Halkalı, Avrupa Konutları 3 sitesinde gerçekleşen uygulamalı eğitimde konuşan Küçükçekmece Belediyesi Sivil Savunma Amiri Emrah Karataş, herhangi bir afet sırasında hayatta kalmak için yapılması gerekenleri anlattı.
“İLK 72 SAAT, ALTIN SAATLER ÇOK ÖNEMLİ”
Dünya üzerinde ilk 72 saatte tüm vatandaşına yardım götürebilen ülke olmadığını kaydeden Emrah Karataş, bu nedenle ilk 72 saatte hayatta kalmanın çok önemli olduğunu söyledi. İnsanların 72 saat açlığa dayanabileceğini ancak susuzluğa dayanamadığını ifade eden Emrah Karataş, “Bu saatlere bu nedenle altın saatler diyoruz. 72 saat susuz kalan biri ölür. Bu nedenle bu 72 saatte biz sizlere ulaşana kadar siz başınızın çaresine bakmalısınız. Biz size ulaşana kadar hayatta kalmak sizin vatandaşlık göreviniz. Konteynırın içerisinde bir insanın hayatını kurtaracak her türlü malzeme var. Bunu kullanmanız gerekiyor” dedi.
“HAYATTA KALMAK İÇİN EVDEKİ EŞYALARI SABİTLEYİN”
Depremde en büyük ölüm oranının sabitlenmeyen eşyalardan kaynaklandığını vurgulayan Karataş, “Duvar üstüne yıkılıp ölenlerin sayısı yüzde 10. En büyük oran yüzde 33 oranla dış kapının önüne konan dolapların devrilmesi sonucu insanların dışarı çıkamaması. Evdeki bu eşyaları sabitleyeceğiz. Vitrindir, televizyondur bunları sabitleyeceğiz ki dışarı çıkabilelim” dedi.
“METAL VE CAMDAN UZAK DURUN, KİTAPLARA GÜVENİN”

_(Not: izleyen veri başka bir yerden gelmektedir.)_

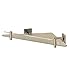 Braga 11" W x 1.63" Bathroom Shelf Finish: Satin Nickel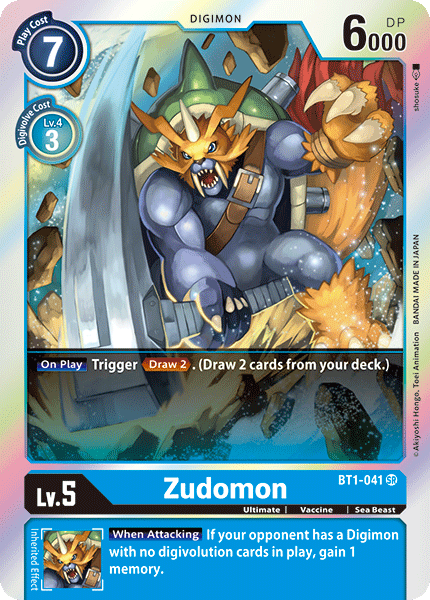 Zudomon [BT1-041] [Release Special Booster Ver.1.0] - Destination Retro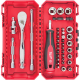 Coffret 38 pcs clés et douille à cliquet 1/4" MILWAUKEE performance et qualité pro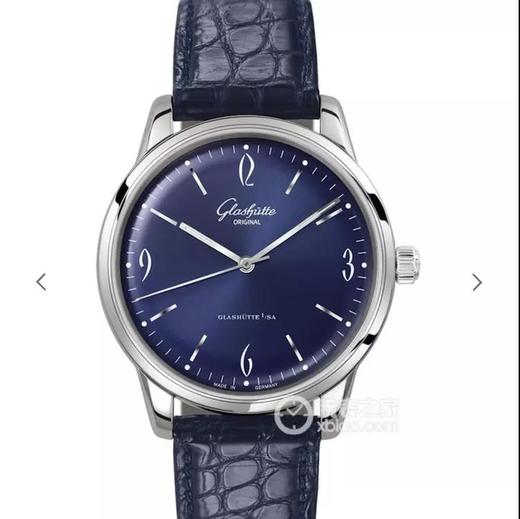 FK格拉苏蒂原创。 型号：1-39-52-06-02-04。进口9015改原装cal.39自动机械机芯，系列：20世纪复古cal.39自动机械,39毫米直径，男士手表 商品图0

Afet öncesi, afet anında ve afet sonrasında yapılması gerekenler olduğunu belirten Emrah Karataş, deprem anında hayatta kalmak için ise ‘Çök, Kapan, Tutun’ yönteminin uygulanması gerektiğini kaydetti. Karataş, “Dizlerinizin üzerinde yere çökün, ellerinizle başınızı kapatın ve yanında durduğunuz eşyaya tutunun ki size çarpmasın. Cam veya metal bir eşyanın yanında durmayın, masa, kitaplık, ya da kitaplarınız varsa onların yanında durun. En sağlam şey kitaplardır. 99 depreminde metal bir eşyanın yanında durarak çök kapan tutun yöntemini uygulayan bir çocuk, metallerin kırılıp vücuduna girmesi sonucu hayatını kaybetti” diye konuştu.
“DEPREM ANINDA TELEFONUNUNUZU KULLANMAYIN”
Deprem anında telefonların çekmeyeceğini de kaydeden Karataş, “Deprem anında sadece ben iyiyim demek için yakınlarınızı aramayın. Bekleyin. Şu an iyisiniz ama belki 72 saat sonra iyi olmayacaksınız. Bizim o telefon şebekelerine ihtiyacımız var. Herkes aynı anda arama yapınca şebeke çöküyor. Yanımızda telsizimiz var ancak telefonla da konuşmamız, arama yapmamız gerekebiliyor. Ailenize iyi olduğunuzu söylemek istiyorsanız eğer, İstanbul dışında bir akrabanızı belirleyin onu arayın, o daha sonra sizin İstanbul’da yaşayan akrabalarınızı arayıp haber versin” dedi.
“DEPREM ÇANTASINI KOLAY ULAŞILABİLİR YERLERE KOYUN”
Deprem çantasının da hayat kurtardığını kaydeden Emrah Karataş, deprem çantasına konulacakları ise, “Su, hazır pakette geç bozulan yiyecek, flüt, dinamolu el feneri, ilk yardım malzemesi, su geçirmeyen kilitli poşet (evrakları koymak için), çocuklar için oyuncak, hijyen malzemeleri, koli bandı, makas, uyku tulumu, battaniye, radyo, kan gruplarının yazdığı kişisel bilgi kartı” olarak sıraladı. Bir iki tane deprem çantası yaparak kolay ulaşılabilecek yerlere deprem çantası konulması gerektiğini söyledi. Program dahilinde, ayrıca herhangi bir afet sırasında kullanılan malzemeler sergilendi. Bu aletlerin kullanımı uygulamalı olarak anlatıldı.